6. Limit media access. Trump hasn’t had a news conference since July.
According to the White House Historical Association, since Woodrow Wilson held the first presidential press conference in March 1913, all sixteen of his successors have used the sessions as a basic part of their publicity strategies. The sessions have survived because reporters found them useful for developing information, citizens saw them as valuable for making judgments about their chief executives, and presidents and their staffs saw them as a primary strategy for explaining their policies. Presidents could give speeches laying out their policies, but press conferences became a major way to explain the intricacies of those policies as the proposals made their way through the legislative process.
Reich states that Trump has blocked the media from traveling with him, or even knowing whom he’s meeting with. His phone call with Vladimir Putin, which occurred shortly after the election, was first reported by the Kremlin. “This is highly unusual,” Reich comments. In 2000, President-elect George W. Bush called a press conference three days after the Supreme Court determined the outcome of the election. In 2008, President-elect Obama also meet with the press three days after being elected.
7. Bypass the media and communicate with the public directly. The American public learns what Trump thinks through his tweets.
Shortly after the election, Trump released a video message outlining some of the executive actions he plans to take on his first day in office.
Aides say Trump has also expressed interest in continuing to hold the large rallies that became a staple of his candidacy. They say he likes the instant gratification and adulation that the cheering crowds provide. Reich defines the word “media” as from “intermediate” between news makers and the public and says that responsible media hold the powerful accountable by asking them hard questions and reporting on what they do.

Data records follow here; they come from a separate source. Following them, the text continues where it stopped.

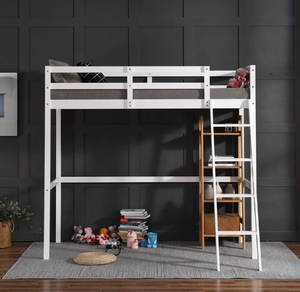 <span class=keywords><strong>Lit</strong></span> superposé en bois pour enfants, adolescents et adultes, <span class=keywords><strong>lit</strong></span> simple, pas besoin de sommier tapissier, <span class=keywords><strong>blanc</strong></span> - Product Image 3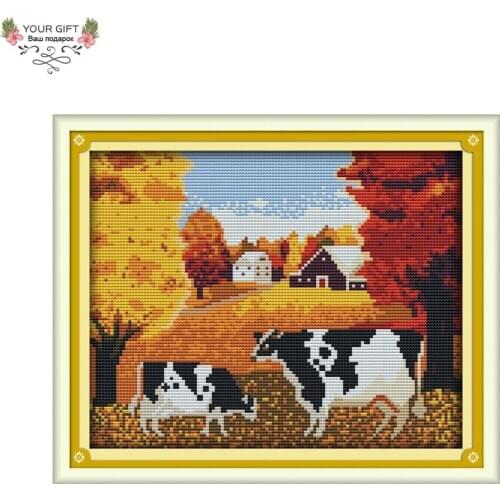 Joy Sunday F778 14CT 11CT Counted and Stamped Home Decor The Autumn Cows Needlework Needlepoint Embroidery Cross Stitch kits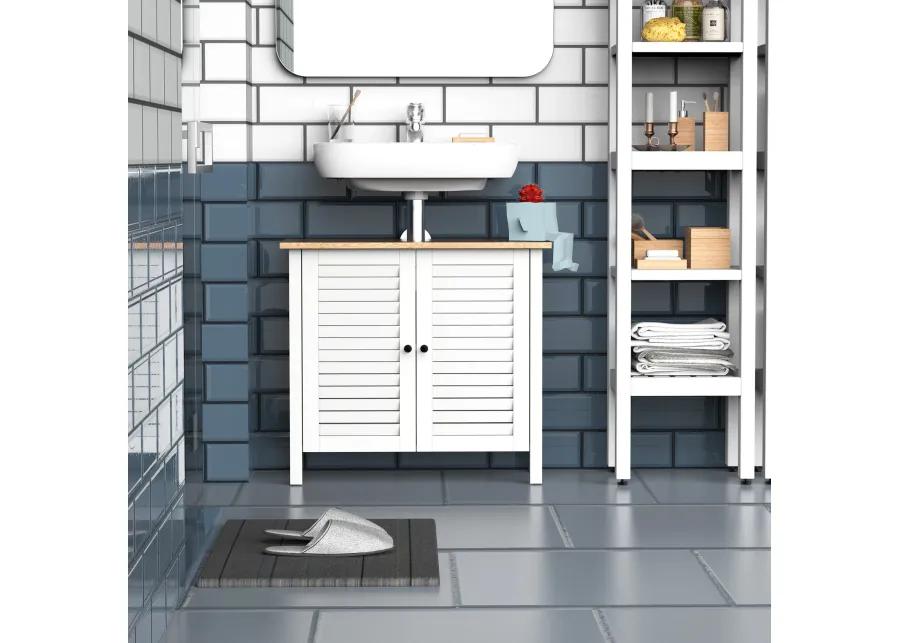 White Under-Sink Storage: Double Layer 2-Door Bathroom Floor Cabinet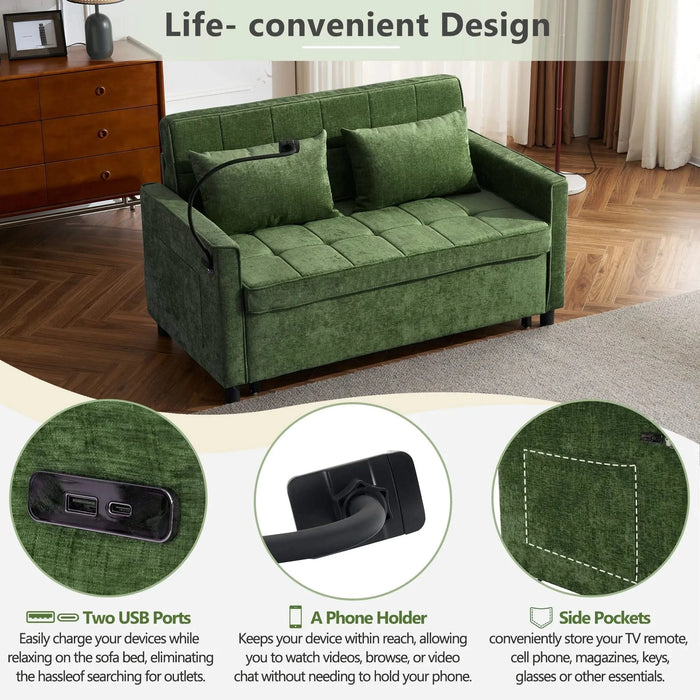 Convertible Loveseat Sofa Bed with Adjustable Backrest, USB Ports, Phone Holder, Side Pockets, Green Chenille, 56.9' Default -DTYStore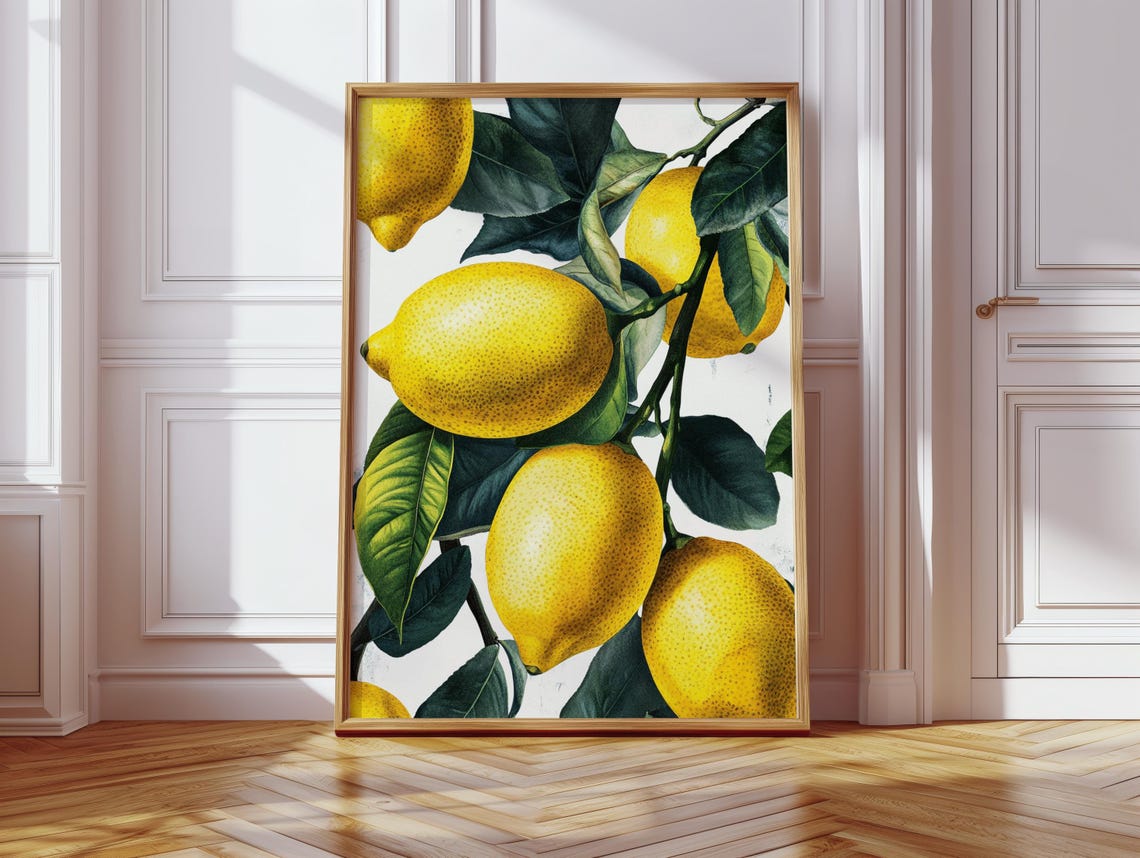 Sunny Vintage Lemon Tree Branch Botanical Citrus Fruit Poster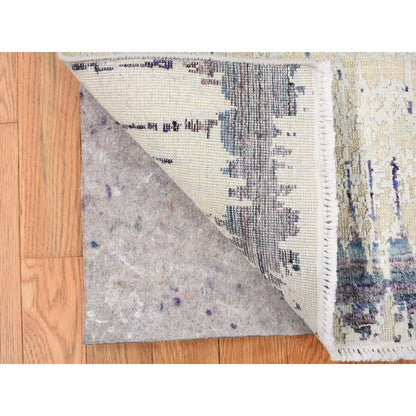 2'X3'2" Gray Modern Hand Knotted Wool And Sari Silk Sample Mat Rug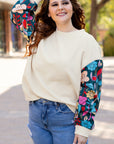 Plus Size Floral Patchwork Sleeve Textured Top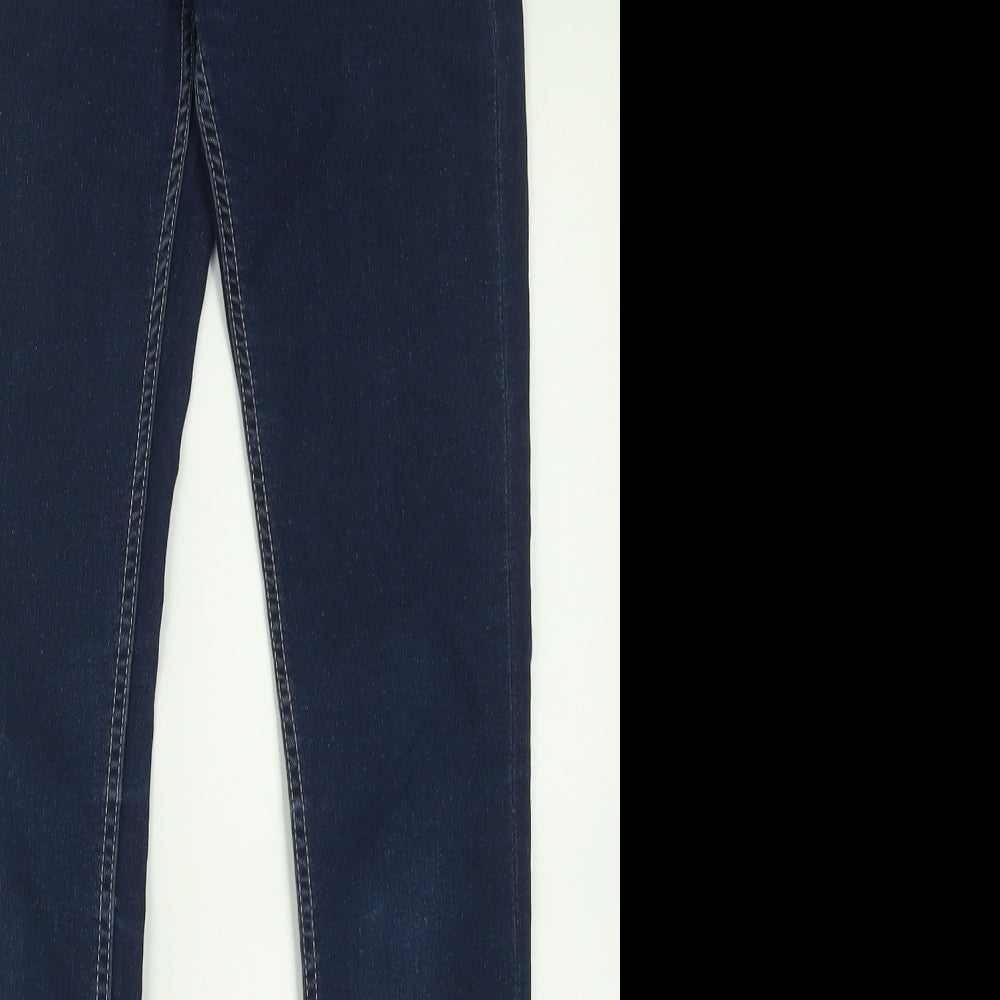 H&M Girls Blue  Cotton Skinny Jeans Size 10-11 Years  Regular Button
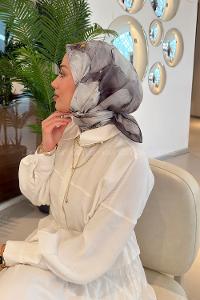 Lamelif Bohem Çiçek Desen Soft Eşarp Taş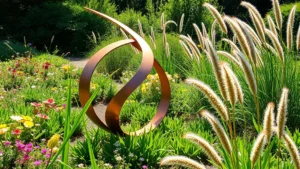 Modern copper garden sculpture in lush green garden bed surrounded by flowering perennials and ornamental grasses, bright afternoon sunlight casting shadows, photorealistic garden setting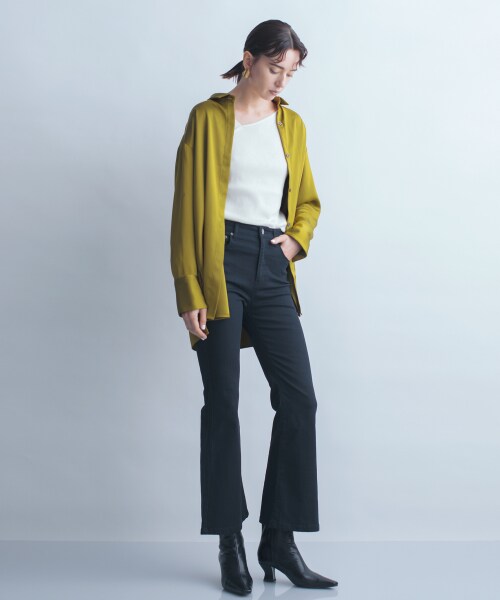 JEANASIS(ジーナシス)の「Tight Flare DenimPants【完売カラー追加予約】(パンツ・ブラック()/ネイビー())」の3枚目の写真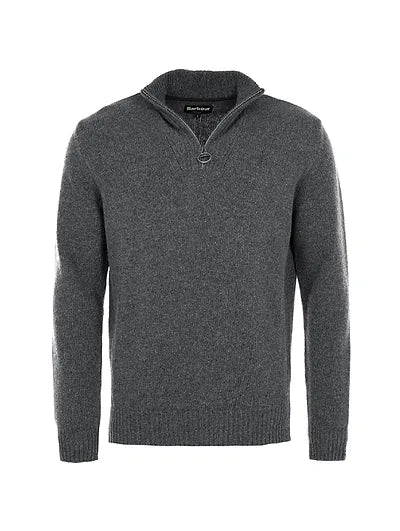 Barbour  Lambswool Half Zip Knitted Jumper Charcoa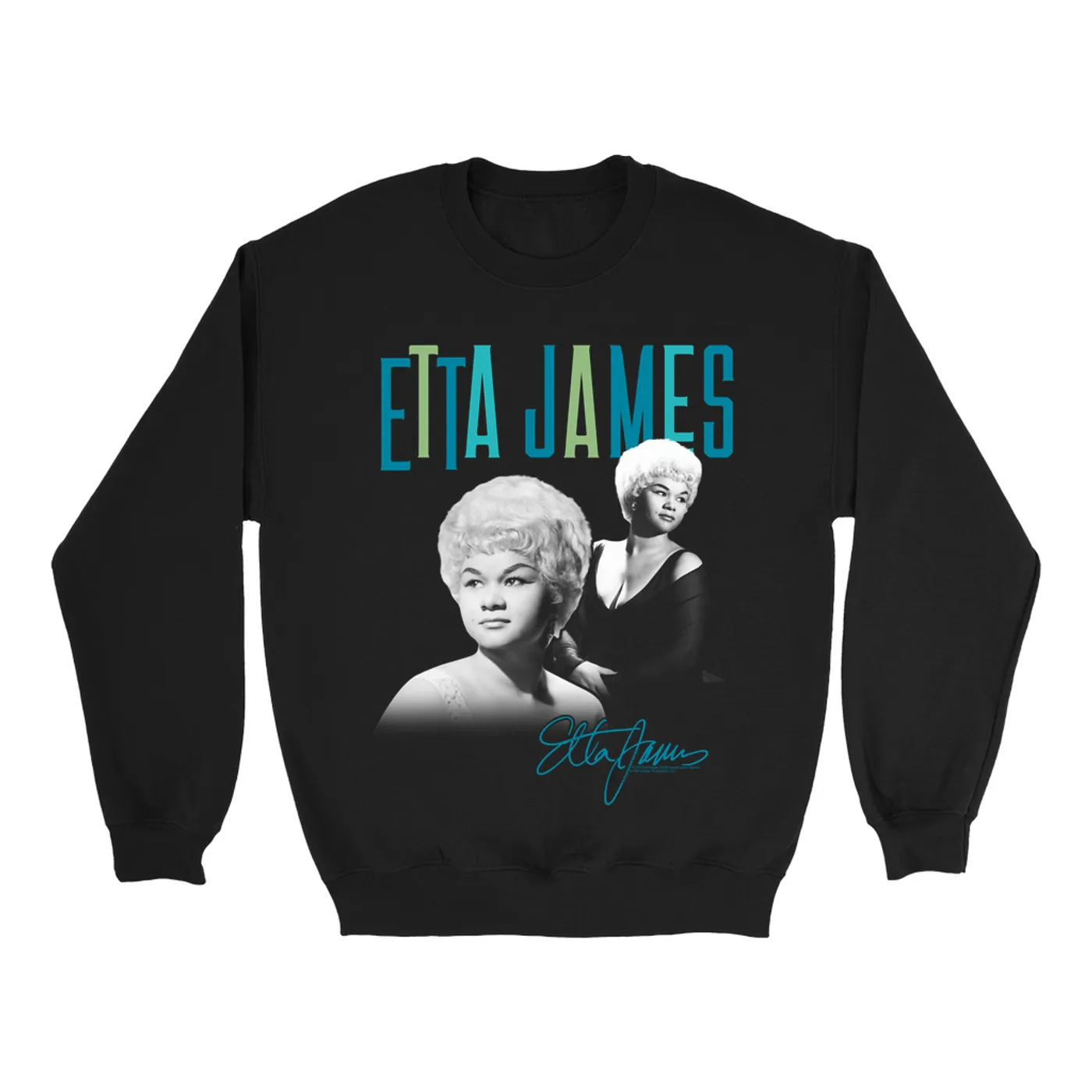 Etta James Sweatshirt | Teal Photo Collage Etta James Sweatshirt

“Apparently Trump wants to eliminate such intermediaries,” Reich says. He recalls that, “historically, these seven techniques have been used by demagogues to erode the freedom and independence of the press. Even before he’s sworn in, Trump seems intent on doing exactly this.”
It will be up to us as an informed citizenry to make sure the freedom and independence of the press is assured, to enhance our cultural climate so that all voices can be heard, and to protect the United States from the powers of tyranny that President-elect Trump and others might feel able to wield.